(this is still a work in progress)
It's a cliche that ideas come with a lightbulb over your head. That actually happened to me on Wednesday. My office has under-cabinet lights which are called "puck lights" (no, it's not a hydrogen filled hockey game). These particular puck lights use something called a halogen JC bulb with a G4 base.
Turns out that my local hardware store does not carry 12v 20w JC G4 bulbs. Radio Shack does, but they're expensive ($4 each). I visited several other retail locations and found them costing as much as $6 each. So I bit the bullet, bought a couple at Radio Shack, and went home to install them.

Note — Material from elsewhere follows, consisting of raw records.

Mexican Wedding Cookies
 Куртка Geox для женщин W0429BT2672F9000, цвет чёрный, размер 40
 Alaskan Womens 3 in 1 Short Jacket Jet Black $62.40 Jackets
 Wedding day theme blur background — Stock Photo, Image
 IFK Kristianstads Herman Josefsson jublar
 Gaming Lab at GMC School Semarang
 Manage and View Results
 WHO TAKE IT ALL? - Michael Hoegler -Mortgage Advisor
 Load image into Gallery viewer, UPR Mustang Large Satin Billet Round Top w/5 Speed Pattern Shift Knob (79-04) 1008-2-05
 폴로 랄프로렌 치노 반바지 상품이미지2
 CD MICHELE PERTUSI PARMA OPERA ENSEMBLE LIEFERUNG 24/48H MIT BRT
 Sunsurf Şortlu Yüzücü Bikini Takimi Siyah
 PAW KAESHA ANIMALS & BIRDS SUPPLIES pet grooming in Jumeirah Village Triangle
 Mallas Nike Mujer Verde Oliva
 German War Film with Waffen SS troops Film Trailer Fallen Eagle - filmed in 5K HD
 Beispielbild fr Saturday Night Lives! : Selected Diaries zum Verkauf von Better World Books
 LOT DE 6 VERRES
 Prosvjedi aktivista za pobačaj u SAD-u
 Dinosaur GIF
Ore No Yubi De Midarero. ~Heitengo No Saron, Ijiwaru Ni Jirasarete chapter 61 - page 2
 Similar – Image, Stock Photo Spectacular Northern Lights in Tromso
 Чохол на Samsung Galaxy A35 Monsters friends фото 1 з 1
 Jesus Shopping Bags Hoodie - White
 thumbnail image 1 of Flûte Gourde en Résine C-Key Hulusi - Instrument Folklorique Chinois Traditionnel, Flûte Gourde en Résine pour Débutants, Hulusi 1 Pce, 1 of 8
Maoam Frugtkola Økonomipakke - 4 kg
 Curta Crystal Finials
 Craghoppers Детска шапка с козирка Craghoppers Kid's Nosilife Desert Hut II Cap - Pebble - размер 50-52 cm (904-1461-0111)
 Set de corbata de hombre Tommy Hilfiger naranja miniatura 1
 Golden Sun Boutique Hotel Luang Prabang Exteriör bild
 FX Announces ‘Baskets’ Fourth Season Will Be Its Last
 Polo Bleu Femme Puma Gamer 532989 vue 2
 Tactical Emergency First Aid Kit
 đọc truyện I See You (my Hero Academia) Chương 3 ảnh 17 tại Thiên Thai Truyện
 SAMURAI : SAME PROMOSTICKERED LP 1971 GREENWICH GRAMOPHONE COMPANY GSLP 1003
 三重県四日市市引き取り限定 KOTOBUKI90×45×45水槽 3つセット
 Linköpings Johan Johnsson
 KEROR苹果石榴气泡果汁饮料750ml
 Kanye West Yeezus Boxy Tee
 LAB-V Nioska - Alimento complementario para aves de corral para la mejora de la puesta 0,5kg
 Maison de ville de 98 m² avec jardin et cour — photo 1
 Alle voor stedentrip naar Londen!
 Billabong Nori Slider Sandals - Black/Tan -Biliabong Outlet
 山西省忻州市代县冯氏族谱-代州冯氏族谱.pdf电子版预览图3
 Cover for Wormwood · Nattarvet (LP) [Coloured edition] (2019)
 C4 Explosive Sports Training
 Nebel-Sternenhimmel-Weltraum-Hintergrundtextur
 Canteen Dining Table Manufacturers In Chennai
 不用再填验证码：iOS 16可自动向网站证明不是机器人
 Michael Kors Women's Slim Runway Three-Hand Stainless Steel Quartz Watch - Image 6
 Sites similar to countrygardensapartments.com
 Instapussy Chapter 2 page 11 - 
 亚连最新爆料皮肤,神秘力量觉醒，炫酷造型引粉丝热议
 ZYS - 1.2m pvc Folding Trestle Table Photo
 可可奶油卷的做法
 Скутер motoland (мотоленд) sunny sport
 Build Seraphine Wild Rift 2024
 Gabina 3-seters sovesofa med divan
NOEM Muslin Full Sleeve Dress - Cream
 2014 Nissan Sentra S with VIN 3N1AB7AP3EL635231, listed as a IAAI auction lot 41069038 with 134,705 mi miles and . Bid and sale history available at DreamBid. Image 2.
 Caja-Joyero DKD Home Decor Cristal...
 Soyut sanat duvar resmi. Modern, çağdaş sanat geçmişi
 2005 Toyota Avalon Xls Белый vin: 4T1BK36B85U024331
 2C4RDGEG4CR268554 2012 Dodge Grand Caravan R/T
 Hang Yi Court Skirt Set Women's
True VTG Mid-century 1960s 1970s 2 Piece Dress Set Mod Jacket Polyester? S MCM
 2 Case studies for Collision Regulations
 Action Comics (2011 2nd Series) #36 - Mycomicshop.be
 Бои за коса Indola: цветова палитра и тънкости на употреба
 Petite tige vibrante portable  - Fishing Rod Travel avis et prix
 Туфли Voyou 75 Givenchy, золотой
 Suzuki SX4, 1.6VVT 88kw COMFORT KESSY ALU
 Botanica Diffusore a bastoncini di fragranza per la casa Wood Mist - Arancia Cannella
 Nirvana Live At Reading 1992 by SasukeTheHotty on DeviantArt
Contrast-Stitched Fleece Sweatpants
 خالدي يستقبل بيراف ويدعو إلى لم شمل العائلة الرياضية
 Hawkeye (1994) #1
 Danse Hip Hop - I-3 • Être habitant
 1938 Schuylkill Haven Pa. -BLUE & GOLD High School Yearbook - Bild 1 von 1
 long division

Is this too much background?
Anyway, I noticed when I searched on the Internet for cheaper sources (and yes, you can get them in reasonable quantities for abour $1.75 online) that the "standard" expected lifespan of one of the JC 12v 20w G4 bulbs is 2000 hours.
Hmmm. I've heard that duration before. I know, it's the "standard work year": 50 weeks of 40 hours each = 2000 hours. Want to know what you get paid an hour? Take your total earnings and divide by 2000. Useful to know in a salary negotiation or when figuring out if buying something is worthwhile (would I pay 12 hours of my time for this thing?).
2000 hours. So on average, if you turned on the puck lights when you were working, and turned them off when you weren't, you should have to replace the bulbs once a work year. More to the point, when your puck light goes out, it's time for you to stop working this year and return to your job in January.
In 1938 the Fair Labor Standards Act formally established the 40 hour work week in America, with overtime to be paid for hours worked past 40. Before the FLSA, there were individual union contracts which specified work weeks (Ford agreed to a 5 day, 40 hour work week in 1926, for example).
I don't know about the rest of you, but in my part of the computer business, the odds that people who have regular jobs only work 2000 hours in a year are not good. In fact, I'd say they're downright lousy.
Today, while Bureau of Labor Statistics information generally shows that service employees work no more than about 42 hours a week, there are many claims that professionals, in particular, are working more....
- According to the National Sleep Foundation's 2001 Sleep In America Poll 38% of respondents work more than 50 hours / week (ending that light bulb at 40 weeks, or somewhere around the first week of October).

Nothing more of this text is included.